Iedereen die niet in staat is om lopend te sporten, mogen officieel aan rolstoeltennis doen. Dus mensen met een amputatie of een dwarslaesie, maar ook mensen die versleten kniebanden hebben en daarom niet lopend mogen sporten. Je hoeft dus niet dagelijks in een rolstoel te zitten om mee te mogen doen. Wel word je eerst gekeurd door een KNLTB arts.
De regels van rolstoeltennis wijken niet veel af van de normale regels. De enige echte afwijkende spelregel is dat de bal 2x mag stuiten, waarvan de eerste stuit binnen het speelveld moet zijn, en de tweede stuit mag buiten het speelveld zijn.

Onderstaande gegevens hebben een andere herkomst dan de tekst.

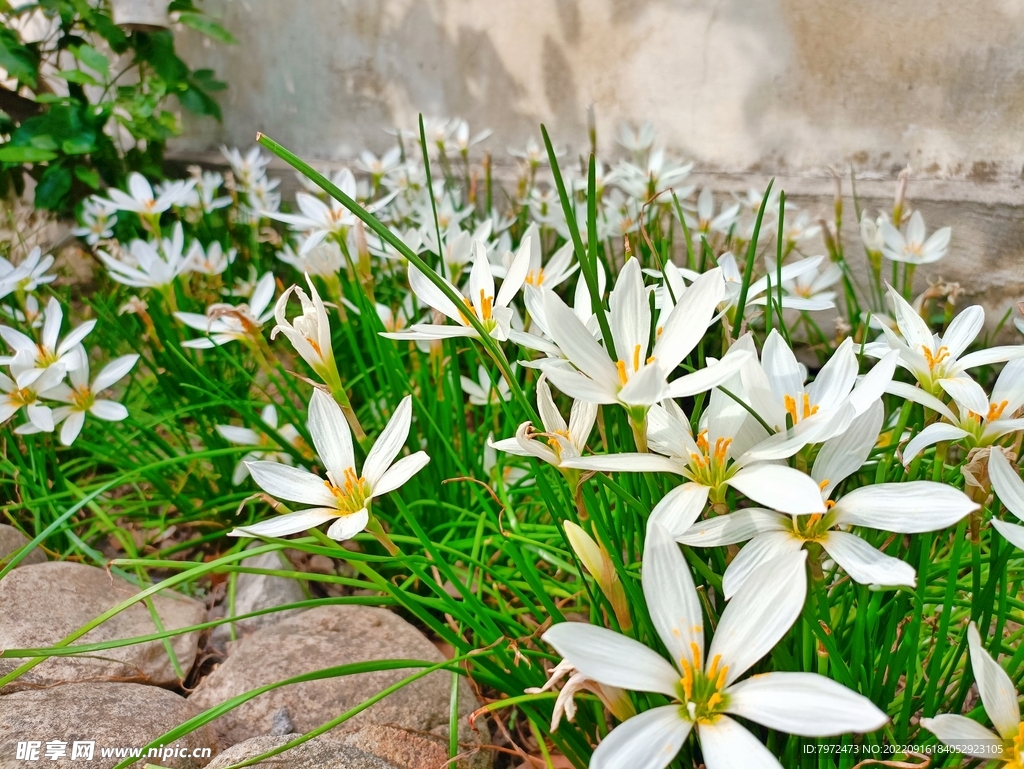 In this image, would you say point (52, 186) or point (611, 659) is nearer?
point (611, 659)

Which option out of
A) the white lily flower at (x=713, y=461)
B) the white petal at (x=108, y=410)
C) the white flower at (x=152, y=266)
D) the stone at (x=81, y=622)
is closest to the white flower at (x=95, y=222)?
the white flower at (x=152, y=266)

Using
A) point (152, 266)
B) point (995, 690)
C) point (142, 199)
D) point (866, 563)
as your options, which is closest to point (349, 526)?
point (866, 563)

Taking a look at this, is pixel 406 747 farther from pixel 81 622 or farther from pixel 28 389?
pixel 28 389

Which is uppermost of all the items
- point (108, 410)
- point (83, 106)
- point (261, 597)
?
point (83, 106)

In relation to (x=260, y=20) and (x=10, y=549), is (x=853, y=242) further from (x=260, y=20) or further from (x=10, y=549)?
(x=260, y=20)

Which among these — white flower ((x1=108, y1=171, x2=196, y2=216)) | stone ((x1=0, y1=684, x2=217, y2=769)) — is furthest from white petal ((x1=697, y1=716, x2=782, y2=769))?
white flower ((x1=108, y1=171, x2=196, y2=216))

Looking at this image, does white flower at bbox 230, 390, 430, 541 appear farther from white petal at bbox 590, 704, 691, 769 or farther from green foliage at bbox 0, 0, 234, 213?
green foliage at bbox 0, 0, 234, 213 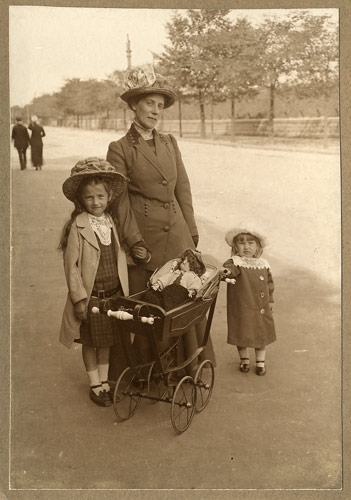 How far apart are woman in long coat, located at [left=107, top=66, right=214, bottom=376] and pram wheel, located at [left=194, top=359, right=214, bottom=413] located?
31 centimetres

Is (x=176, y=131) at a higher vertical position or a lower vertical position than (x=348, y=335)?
higher

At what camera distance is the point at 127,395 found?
8.86ft

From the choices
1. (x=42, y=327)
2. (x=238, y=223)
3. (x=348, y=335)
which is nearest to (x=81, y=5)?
(x=238, y=223)

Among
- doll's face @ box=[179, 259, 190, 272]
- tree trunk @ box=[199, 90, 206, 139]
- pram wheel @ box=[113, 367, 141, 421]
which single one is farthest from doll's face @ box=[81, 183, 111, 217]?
pram wheel @ box=[113, 367, 141, 421]

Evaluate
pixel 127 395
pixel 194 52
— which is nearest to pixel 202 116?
pixel 194 52

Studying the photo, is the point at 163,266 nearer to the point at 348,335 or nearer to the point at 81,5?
the point at 348,335

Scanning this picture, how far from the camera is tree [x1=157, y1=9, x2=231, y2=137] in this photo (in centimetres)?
286

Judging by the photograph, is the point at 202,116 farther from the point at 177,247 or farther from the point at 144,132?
the point at 177,247

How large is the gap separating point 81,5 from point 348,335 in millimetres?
2136

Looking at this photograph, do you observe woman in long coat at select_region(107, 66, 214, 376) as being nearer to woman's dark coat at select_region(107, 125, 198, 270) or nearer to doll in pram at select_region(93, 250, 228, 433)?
woman's dark coat at select_region(107, 125, 198, 270)

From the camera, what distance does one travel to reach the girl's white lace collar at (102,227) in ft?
8.75

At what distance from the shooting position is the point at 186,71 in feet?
9.57

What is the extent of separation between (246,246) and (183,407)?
2.80ft

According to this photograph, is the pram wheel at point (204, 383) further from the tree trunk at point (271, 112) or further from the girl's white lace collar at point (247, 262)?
the tree trunk at point (271, 112) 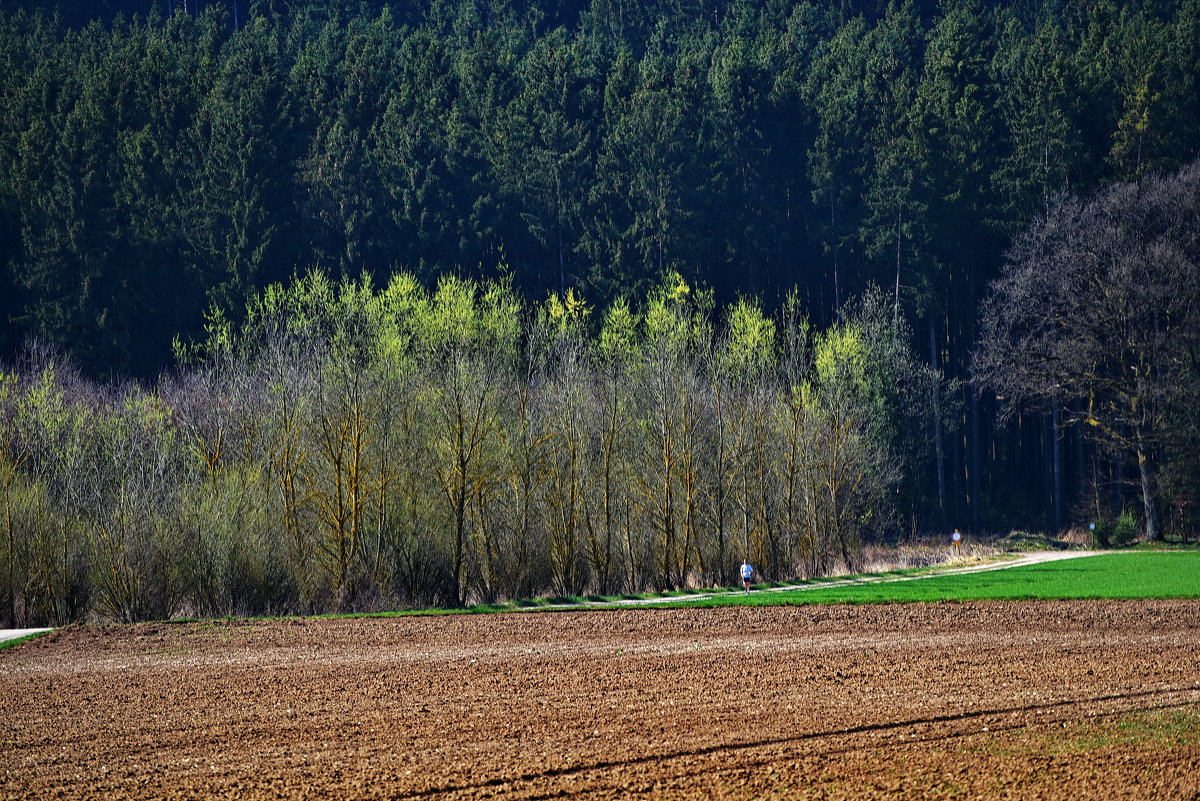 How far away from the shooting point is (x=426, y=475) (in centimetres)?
3178

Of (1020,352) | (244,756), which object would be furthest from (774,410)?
(244,756)

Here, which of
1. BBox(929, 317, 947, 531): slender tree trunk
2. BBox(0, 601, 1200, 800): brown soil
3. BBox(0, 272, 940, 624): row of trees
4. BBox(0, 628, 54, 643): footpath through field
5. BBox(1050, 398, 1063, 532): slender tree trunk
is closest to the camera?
BBox(0, 601, 1200, 800): brown soil

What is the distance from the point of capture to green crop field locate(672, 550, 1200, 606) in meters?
26.2

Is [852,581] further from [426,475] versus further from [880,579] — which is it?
[426,475]

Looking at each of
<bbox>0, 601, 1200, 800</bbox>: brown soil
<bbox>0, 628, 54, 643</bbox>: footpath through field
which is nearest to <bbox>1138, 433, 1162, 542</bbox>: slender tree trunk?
<bbox>0, 601, 1200, 800</bbox>: brown soil

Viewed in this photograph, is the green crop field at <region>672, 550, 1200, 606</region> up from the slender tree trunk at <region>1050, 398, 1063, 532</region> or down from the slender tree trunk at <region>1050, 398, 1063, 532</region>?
down

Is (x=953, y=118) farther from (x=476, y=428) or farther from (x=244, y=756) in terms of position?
(x=244, y=756)

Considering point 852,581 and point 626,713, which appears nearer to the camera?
point 626,713

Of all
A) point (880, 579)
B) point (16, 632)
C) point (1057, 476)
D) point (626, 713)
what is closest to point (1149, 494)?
point (1057, 476)

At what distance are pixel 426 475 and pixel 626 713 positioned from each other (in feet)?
61.6

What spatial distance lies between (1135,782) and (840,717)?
3487 mm

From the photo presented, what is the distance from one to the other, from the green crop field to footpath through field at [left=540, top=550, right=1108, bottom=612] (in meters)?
0.64

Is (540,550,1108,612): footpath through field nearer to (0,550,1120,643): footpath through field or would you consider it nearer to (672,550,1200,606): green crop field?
(0,550,1120,643): footpath through field

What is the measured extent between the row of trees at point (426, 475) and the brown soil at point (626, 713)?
19.1 feet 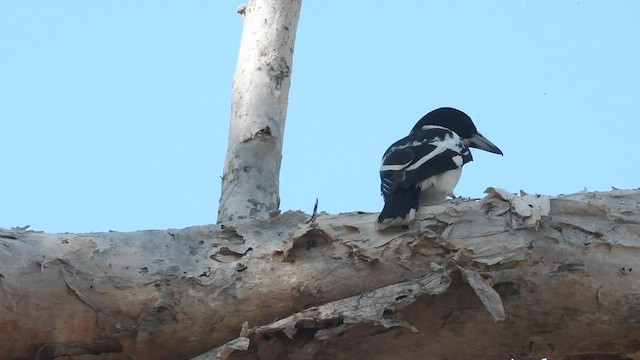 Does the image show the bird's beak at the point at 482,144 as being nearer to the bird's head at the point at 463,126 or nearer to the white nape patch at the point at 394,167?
the bird's head at the point at 463,126

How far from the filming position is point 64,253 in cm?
392

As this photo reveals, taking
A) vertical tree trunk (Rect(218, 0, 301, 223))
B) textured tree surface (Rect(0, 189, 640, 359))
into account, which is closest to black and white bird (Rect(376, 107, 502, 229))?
textured tree surface (Rect(0, 189, 640, 359))

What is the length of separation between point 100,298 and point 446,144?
2344mm

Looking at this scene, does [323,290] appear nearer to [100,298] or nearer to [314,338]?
[314,338]

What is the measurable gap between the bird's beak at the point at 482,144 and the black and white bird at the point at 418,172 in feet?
2.14

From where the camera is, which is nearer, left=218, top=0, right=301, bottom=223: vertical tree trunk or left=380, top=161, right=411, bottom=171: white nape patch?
left=380, top=161, right=411, bottom=171: white nape patch

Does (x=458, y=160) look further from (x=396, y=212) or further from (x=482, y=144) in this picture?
(x=396, y=212)

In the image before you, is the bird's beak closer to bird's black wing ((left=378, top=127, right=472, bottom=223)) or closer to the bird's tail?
bird's black wing ((left=378, top=127, right=472, bottom=223))

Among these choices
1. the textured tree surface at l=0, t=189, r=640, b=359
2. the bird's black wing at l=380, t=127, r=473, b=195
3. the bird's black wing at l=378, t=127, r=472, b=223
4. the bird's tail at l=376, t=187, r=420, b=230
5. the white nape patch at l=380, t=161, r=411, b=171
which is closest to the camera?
the textured tree surface at l=0, t=189, r=640, b=359

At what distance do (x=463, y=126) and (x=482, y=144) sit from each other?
17cm

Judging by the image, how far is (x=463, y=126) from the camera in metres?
6.59

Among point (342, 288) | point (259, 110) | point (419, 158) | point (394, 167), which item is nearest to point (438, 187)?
point (419, 158)

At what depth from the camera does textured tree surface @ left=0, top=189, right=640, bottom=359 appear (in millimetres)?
3822

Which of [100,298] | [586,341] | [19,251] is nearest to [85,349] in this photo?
[100,298] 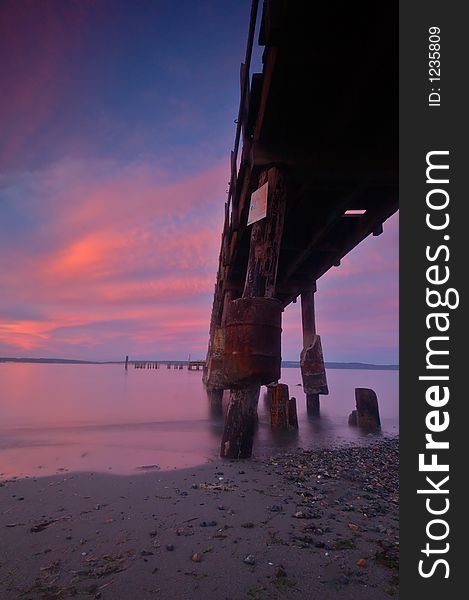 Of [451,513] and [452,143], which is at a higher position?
[452,143]

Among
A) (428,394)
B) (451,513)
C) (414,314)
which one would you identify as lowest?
(451,513)

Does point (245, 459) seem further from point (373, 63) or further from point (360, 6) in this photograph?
point (360, 6)

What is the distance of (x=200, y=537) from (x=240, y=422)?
2.25 m

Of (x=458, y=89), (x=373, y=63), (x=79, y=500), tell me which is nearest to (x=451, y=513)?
(x=458, y=89)

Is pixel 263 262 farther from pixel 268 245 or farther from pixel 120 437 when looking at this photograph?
pixel 120 437

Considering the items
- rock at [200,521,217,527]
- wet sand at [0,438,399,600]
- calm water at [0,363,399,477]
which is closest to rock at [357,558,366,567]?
wet sand at [0,438,399,600]

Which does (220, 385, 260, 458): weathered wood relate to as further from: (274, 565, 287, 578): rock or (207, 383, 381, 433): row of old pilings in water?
(207, 383, 381, 433): row of old pilings in water

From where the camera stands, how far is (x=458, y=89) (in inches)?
74.0

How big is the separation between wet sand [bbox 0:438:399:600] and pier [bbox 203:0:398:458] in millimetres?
1168

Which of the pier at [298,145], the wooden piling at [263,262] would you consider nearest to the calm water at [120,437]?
the wooden piling at [263,262]

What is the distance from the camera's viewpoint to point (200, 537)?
2.82 meters

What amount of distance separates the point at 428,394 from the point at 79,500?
11.8ft

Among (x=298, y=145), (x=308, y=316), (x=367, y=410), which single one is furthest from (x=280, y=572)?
(x=308, y=316)

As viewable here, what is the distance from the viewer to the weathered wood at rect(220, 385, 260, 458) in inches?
191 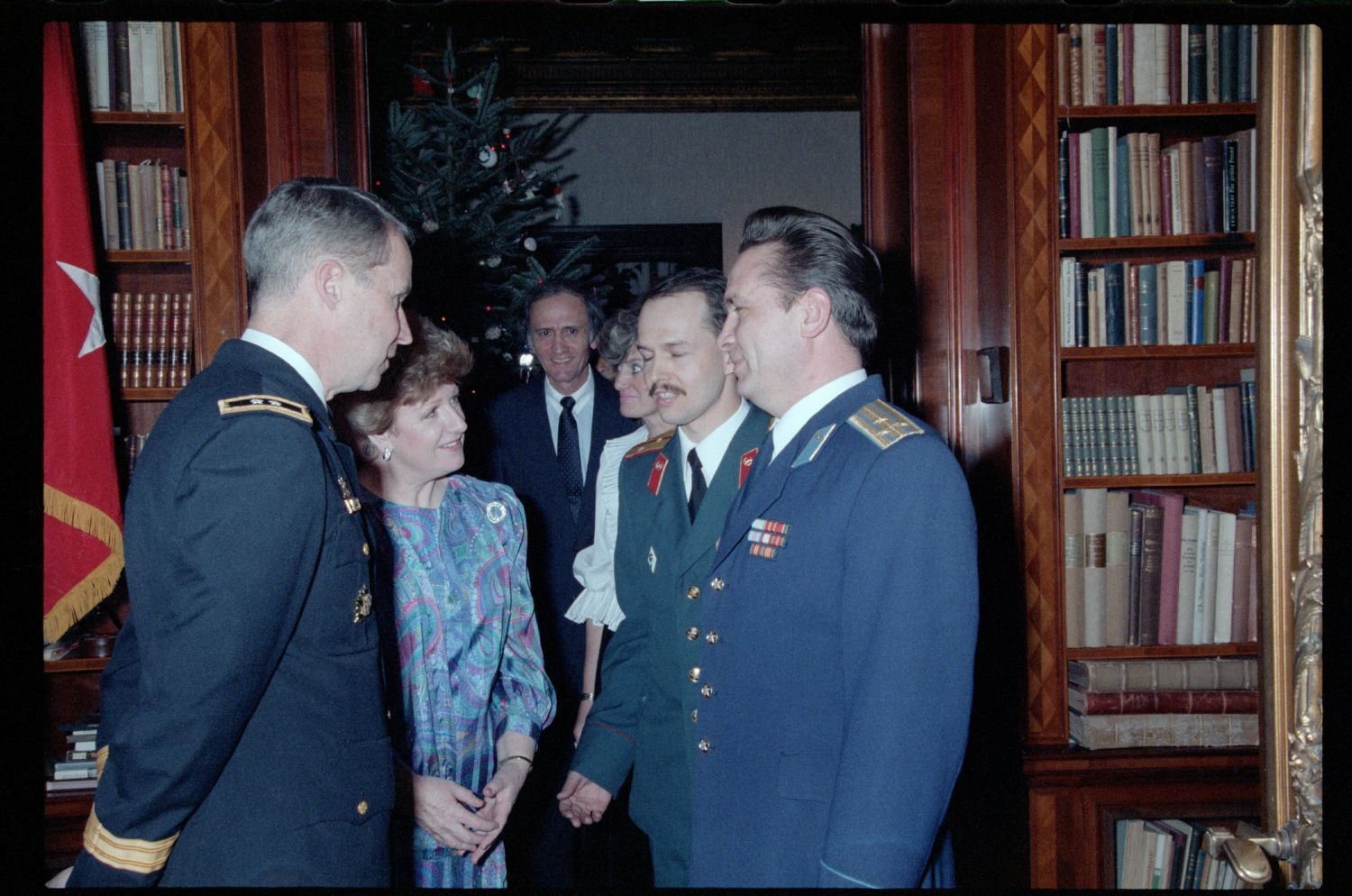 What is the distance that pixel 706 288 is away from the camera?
2016 millimetres

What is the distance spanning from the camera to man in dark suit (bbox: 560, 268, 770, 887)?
5.55 ft

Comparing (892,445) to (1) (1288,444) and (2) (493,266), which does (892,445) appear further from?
(2) (493,266)

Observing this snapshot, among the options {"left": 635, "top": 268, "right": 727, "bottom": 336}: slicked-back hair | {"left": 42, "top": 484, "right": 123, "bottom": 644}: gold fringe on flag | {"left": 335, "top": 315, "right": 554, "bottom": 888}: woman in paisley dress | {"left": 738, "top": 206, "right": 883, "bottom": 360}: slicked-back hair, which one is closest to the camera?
{"left": 738, "top": 206, "right": 883, "bottom": 360}: slicked-back hair

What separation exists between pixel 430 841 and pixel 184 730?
791mm

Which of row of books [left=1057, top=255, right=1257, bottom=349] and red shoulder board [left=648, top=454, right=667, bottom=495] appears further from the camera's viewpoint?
row of books [left=1057, top=255, right=1257, bottom=349]

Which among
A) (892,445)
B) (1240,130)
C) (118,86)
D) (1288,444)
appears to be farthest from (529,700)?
(1240,130)

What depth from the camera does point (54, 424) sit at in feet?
7.34

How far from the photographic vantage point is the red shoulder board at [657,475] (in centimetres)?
191

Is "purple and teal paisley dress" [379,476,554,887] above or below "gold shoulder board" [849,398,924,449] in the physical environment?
below

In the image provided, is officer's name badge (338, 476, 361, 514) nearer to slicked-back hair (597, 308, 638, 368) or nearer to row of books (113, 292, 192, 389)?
slicked-back hair (597, 308, 638, 368)

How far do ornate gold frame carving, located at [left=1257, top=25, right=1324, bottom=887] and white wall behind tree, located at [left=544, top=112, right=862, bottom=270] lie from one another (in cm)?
443

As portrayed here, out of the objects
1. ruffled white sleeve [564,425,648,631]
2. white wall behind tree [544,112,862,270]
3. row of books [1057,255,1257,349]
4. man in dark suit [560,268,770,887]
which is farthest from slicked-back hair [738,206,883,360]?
white wall behind tree [544,112,862,270]

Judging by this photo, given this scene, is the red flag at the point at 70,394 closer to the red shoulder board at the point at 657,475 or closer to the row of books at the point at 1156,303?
the red shoulder board at the point at 657,475

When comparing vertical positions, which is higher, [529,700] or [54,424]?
[54,424] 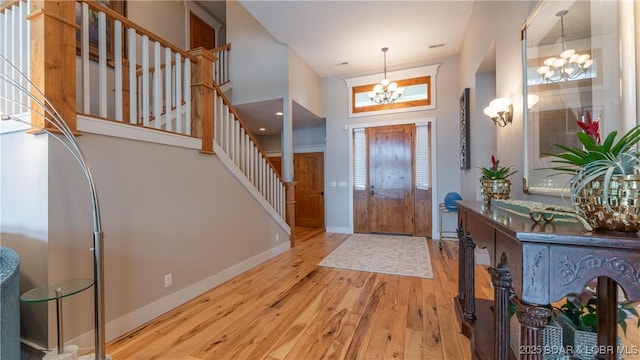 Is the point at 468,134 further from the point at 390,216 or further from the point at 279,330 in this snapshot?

De speler moet de bal terugslaan voordat deze de grond een derde maal raakt. De eerste stuit bepaalt dus of de bal in of uit is. Uiteraard mag de speler de bal ook na één stuit of als volley terugslaan.
De rolstoel wordt beschouwd als een deel van het lichaam, dus als er een bal direct tegen de stoel wordt gespeeld is dat een punt voor de tegenstander.
De voeten van een rolstoeltennisser mogen de grond niet raken. Men mag er dus niet mee remmen of sturen.
Een wielfout wordt gemaakt op het moment dat één van de wielen tijdens het serveren over de baseline of de denkbeeldige middenlijn komt.
Als de speler/speelster materiaal pech krijgt aan zijn rolstoel, dan krijgt hij of zij 20 minuten de tijd om dit op te lossen.
Rolstoeltennissers mogen gewoon deelnemen aan de valide competities en toernooien.
Hierbij gelden voor hen de spelregels, zoals die voor rolstoeltennis zijn vastgesteld zoals hierboven beschreven.